But physicians argue that multiple common health insurance industry practices inhibit patient care. First is a lack of transparency about the companies’ internal rules for approving treatments or identifying alternative procedures they will approve. Because many insurers do not publish their rules, doctors waste precious time submitting claims only to have them denied.
Another problem doctors note is having to argue for a procedure with an insurance company physician who is not a specialist in the practice area — the obstetrician-gynecologist who ruled on Pike’s stomach cancer treatment, for example.
And physicians say it can take weeks for insurers to approve or deny some treatments or tests.
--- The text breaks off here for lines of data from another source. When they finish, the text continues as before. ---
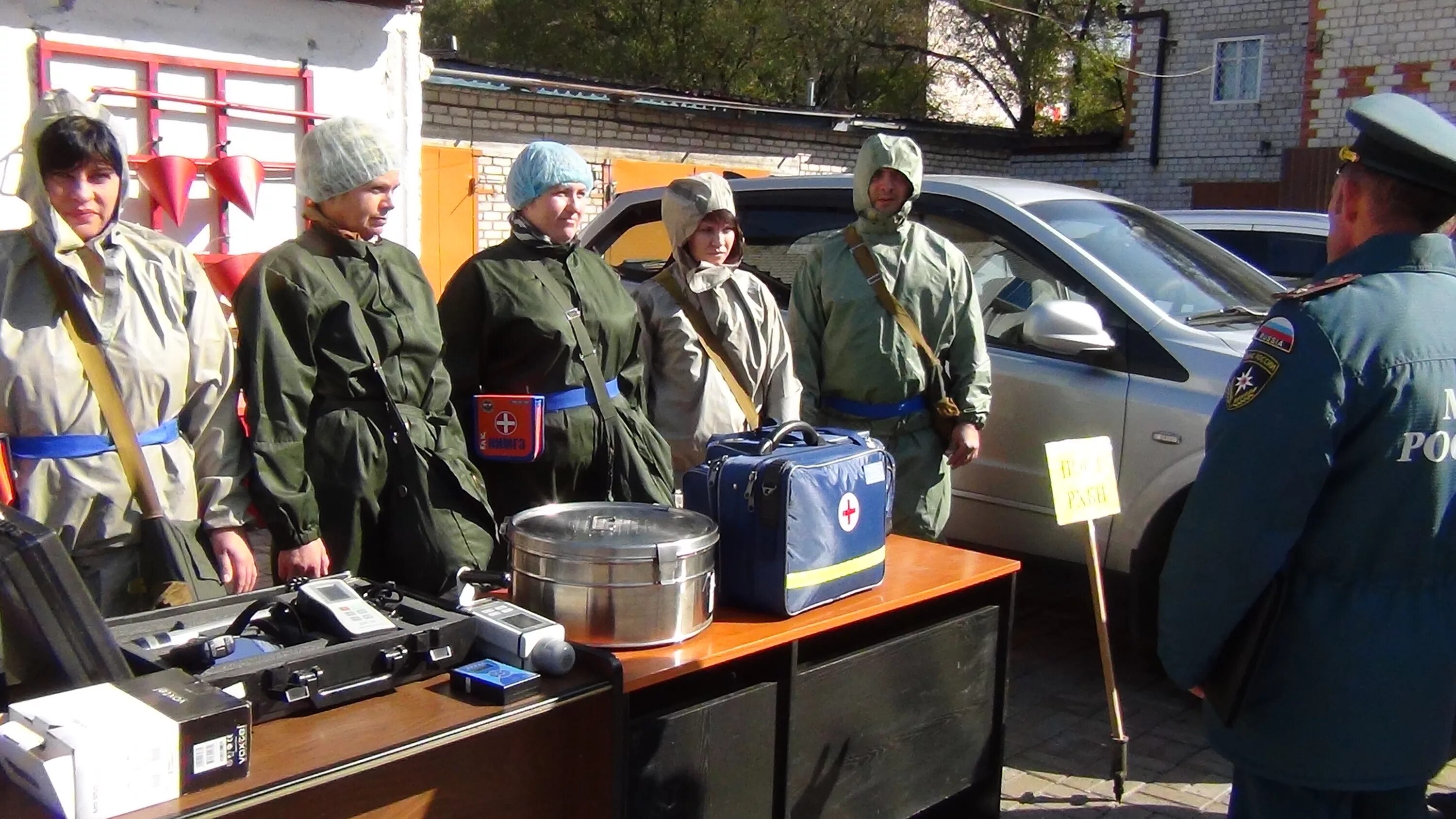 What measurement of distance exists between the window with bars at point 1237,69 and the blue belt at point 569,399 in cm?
1950

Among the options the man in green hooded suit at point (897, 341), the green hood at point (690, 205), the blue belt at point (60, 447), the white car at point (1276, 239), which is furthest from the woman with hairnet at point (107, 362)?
the white car at point (1276, 239)

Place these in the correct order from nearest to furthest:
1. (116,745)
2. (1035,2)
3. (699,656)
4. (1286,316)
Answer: (116,745), (1286,316), (699,656), (1035,2)

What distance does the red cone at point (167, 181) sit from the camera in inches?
271

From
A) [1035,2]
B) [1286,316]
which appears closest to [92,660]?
[1286,316]

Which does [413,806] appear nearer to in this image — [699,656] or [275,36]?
[699,656]

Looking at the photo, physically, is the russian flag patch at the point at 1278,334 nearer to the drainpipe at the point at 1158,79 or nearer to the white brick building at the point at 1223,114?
the white brick building at the point at 1223,114

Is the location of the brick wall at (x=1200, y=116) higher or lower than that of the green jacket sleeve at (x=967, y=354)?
higher

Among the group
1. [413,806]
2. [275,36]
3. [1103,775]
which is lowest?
[1103,775]

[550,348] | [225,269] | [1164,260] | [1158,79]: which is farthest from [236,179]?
[1158,79]

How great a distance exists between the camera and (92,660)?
5.89 feet

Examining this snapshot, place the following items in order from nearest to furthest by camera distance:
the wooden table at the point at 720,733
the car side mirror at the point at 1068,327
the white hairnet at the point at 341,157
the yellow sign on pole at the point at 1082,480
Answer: the wooden table at the point at 720,733 → the white hairnet at the point at 341,157 → the yellow sign on pole at the point at 1082,480 → the car side mirror at the point at 1068,327

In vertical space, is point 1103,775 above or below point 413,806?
below

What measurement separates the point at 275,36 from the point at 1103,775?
20.4 feet

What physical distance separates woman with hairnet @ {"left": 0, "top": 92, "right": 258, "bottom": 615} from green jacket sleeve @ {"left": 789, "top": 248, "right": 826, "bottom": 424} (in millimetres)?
2020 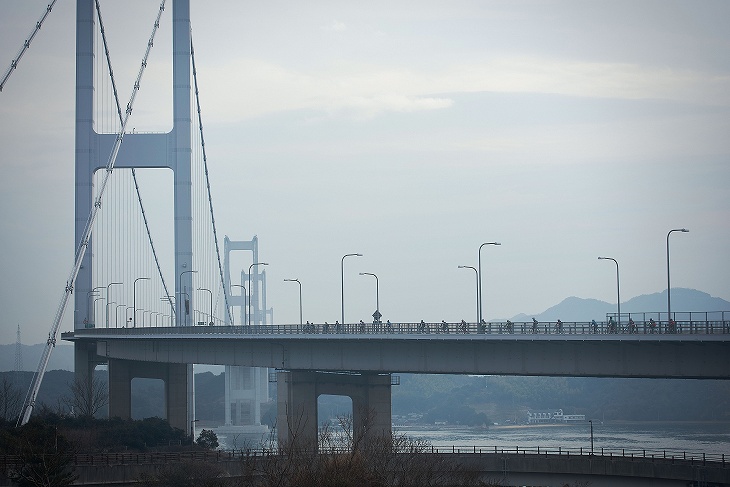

If the answer is no, a doctor who wants to appeal must begin the lengthy process again.
Physicians also say it is maddening to have to seek prior authorization over and over for procedures that are regularly approved. They believe that doctors who have a history of receiving green lights for treatments or scans should be able to bypass the time-consuming process.
Dr. Debra Patt, an oncologist and breast cancer specialist in Austin, Texas, and the medical director for public policy at the U.S. Oncology Network, has testified before Congress about the problems cancer patients face.
“There need to be responsible ways to use prior authorization,” Pratt said in an interview. “It has gotten quite out of hand. I think of it as patients on a journey and prior authorization is like hurdles along the way that they may not be able to progress past.”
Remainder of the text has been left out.